Man sections, a legacy from ye olden days when man pages were printed on paper and you'd use numbered sections for faster navigation (or splitting them into separate books if there are too many pages).

For example, `man 2 select` (or `man select.2`) gives you information about the `select` syscall, and `man 3 select` has information on the libc wrapper around that syscall.

A somewhat better example might be time: `time.1` has info on the command use to calculate running time of another command (in statements like `time make -j`, and `time.7` — low-level information on how to interact with kernel's time-related functionality. Since both are named `time`, if you just use `man time` without the number, you get the first one (and no way to get to the second).

Read `man man`, it has a lot more on this stuff.

  The table below shows the section numbers of the manual followed by the types of pages they contain.
  
         1   Executable programs or shell commands
         2   System calls (functions provided by the kernel)
         3   Library calls (functions within program libraries)
         4   Special files (usually found in /dev)
         5   File formats and conventions, e.g. /etc/passwd
         6   Games
         7   Miscellaneous (including macro packages and conventions), e.g. man(7), groff(7), man-pages(7)
         8   System administration commands (usually only for root)
         9   Kernel routines [Non standard]
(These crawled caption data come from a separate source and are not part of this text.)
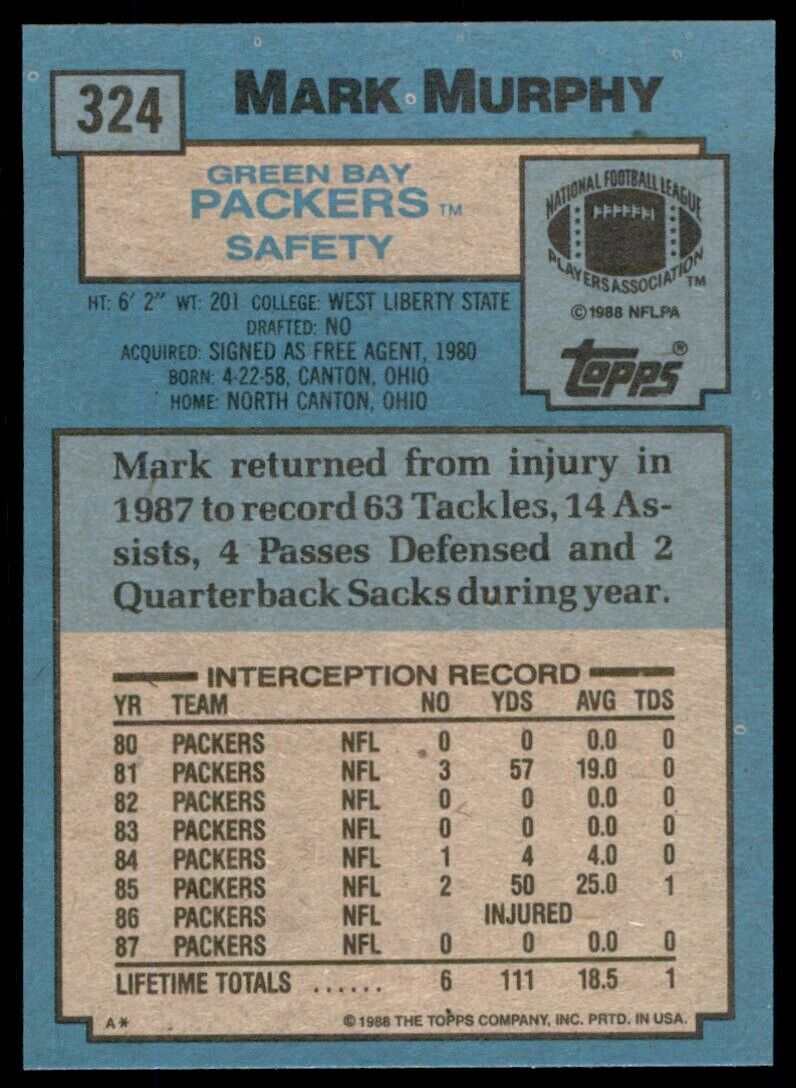 1988 TOPPS MARK MURPHY. . GREEN BAY PACKERS #324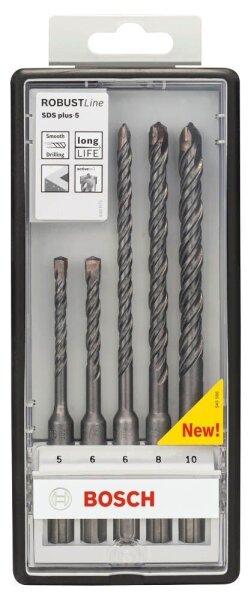 BOSCH Hammerbohrer-Set Robust Line SDS plus-5, 5-teilig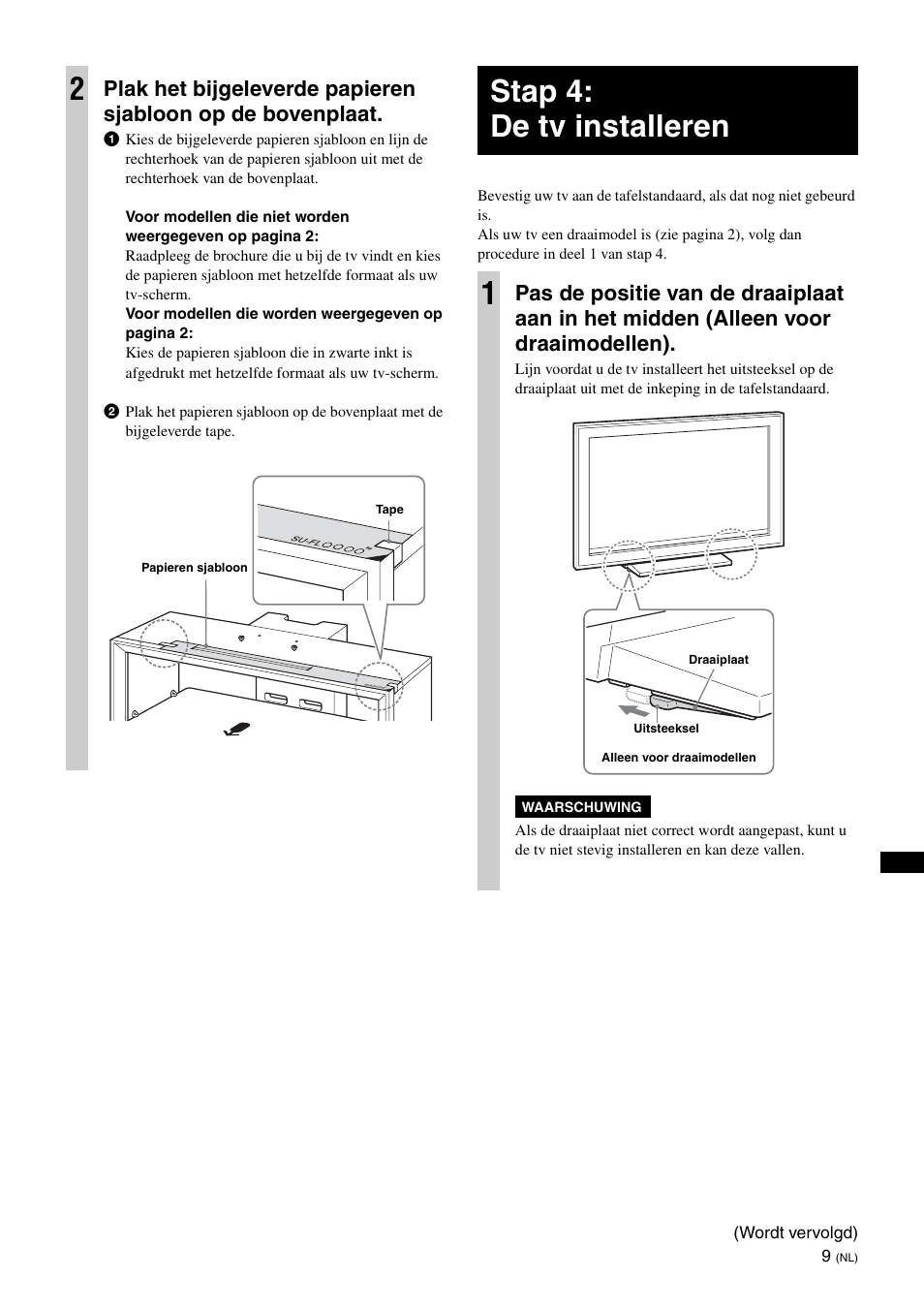 Stap 4: de tv installeren, Stap 4: de tv installeren 1 | Sony SU-FL300L User Manual | Page 107 / 292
TIL about the `.N` suffix. I've always done `man N page`!

I don't think it's very portable, actually. It doesn't work on any of the BSDs or OpenSolaris forks IIRC. A yet another alternative spelling `man 'select(2)'` should work everywhere, but many shells require you to escape parentheses (or put them in quotes as above), so I don't find it very useful.

Here is an important distinction to make: contrary to NT, syscalls in a given thread do not call back to userspace in the same thread.
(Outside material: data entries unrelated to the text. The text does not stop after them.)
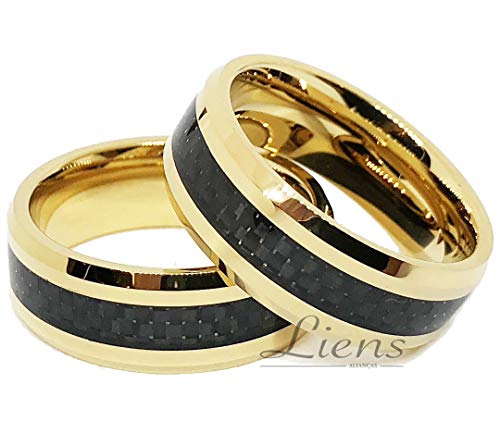 Par de Aliança Casamento Tungstênio Folheada Banhada Ouro 18K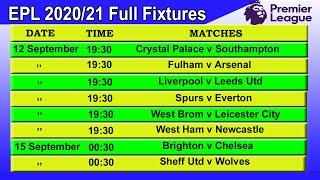 Premier League Football Matches Fixtures 2020-21 | EPL Fixtures 2020/21 Starting Date - 12/9/2020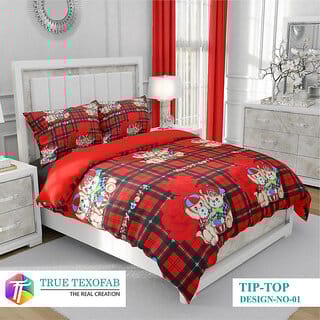 BLACK BEE  Puppy print 
double bedsheet with 2 Pillow Covers (208 X 213 cm)(BS32-02)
In NT, KeUserModeCallback implements some sort of a coroutine pattern, where the kernel space can call back to the user code synchronously in the same thread and expect it to return to the callsite. In Linux, there's no such thing as a user-mode callback: a given thread cannot have any user code running (or scheduled to be run) while simultaneously having the kernel call stack active.

> seccomp filters, FUSE, ptrace, userfaultfd, fanotify

> core_pattern handler

> usermode helpers

These either block the current thread waiting for another thread (e.g. a debugger, fault handler, or filesystem server) to complete the request, or fires off the request asynchronously.

> syscall_user_dispatch

This does not "call back" into userspace at all; it merely delivers SIGSYS. Signal delivery works more like NT's user APCs: there's no kernel-side context active in the thread the signal handler (or the APC) is running.

This is convenient but having the kernel block on userspace doing something is typically bad design :(

It really isn't. "The" kernel doesn't block, a context blocks and typically that context is associated with a user process (directly or indirectly).

sleep(3) the kernel blocks for a time specified by userspace. futex(2) can cause the kernel to block until usespace wakes it. Similar wait(2). Also read(2) from a pipe or localhost socket.

So whether or not it is a bad design depends highly on what gets blocked, in what situations, and what can be done to recover the situation if things misbehave.